▶ What to produce
What you need to produce from the material below is an exact transcription of the lines from the one with "Zenana Cotton Slub" through the one with "Gemini Zodiac - Birthstone", both included, and no other line.

▶ Input
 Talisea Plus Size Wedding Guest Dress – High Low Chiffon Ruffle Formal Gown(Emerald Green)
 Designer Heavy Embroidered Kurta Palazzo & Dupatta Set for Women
--
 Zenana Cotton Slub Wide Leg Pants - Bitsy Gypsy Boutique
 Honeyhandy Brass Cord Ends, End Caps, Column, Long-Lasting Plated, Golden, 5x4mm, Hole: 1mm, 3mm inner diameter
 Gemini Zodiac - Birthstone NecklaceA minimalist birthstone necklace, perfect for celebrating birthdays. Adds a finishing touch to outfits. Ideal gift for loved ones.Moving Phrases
* * *
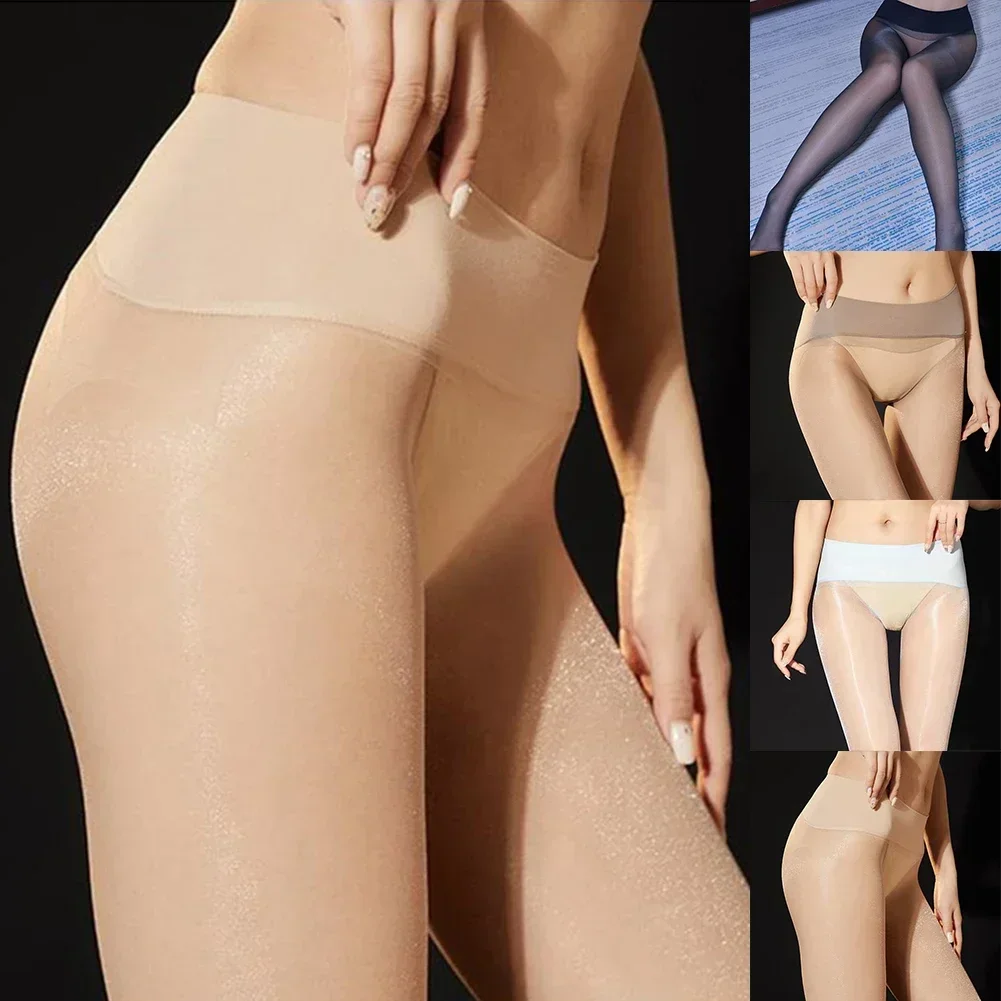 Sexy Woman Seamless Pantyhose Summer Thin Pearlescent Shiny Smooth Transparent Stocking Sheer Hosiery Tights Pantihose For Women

▶ Response to the exercise
 Zenana Cotton Slub Wide Leg Pants - Bitsy Gypsy Boutique
 Honeyhandy Brass Cord Ends, End Caps, Column, Long-Lasting Plated, Golden, 5x4mm, Hole: 1mm, 3mm inner diameter
 Gemini Zodiac - Birthstone NecklaceA minimalist birthstone necklace, perfect for celebrating birthdays. Adds a finishing touch to outfits. Ideal gift for loved ones.Moving Phrases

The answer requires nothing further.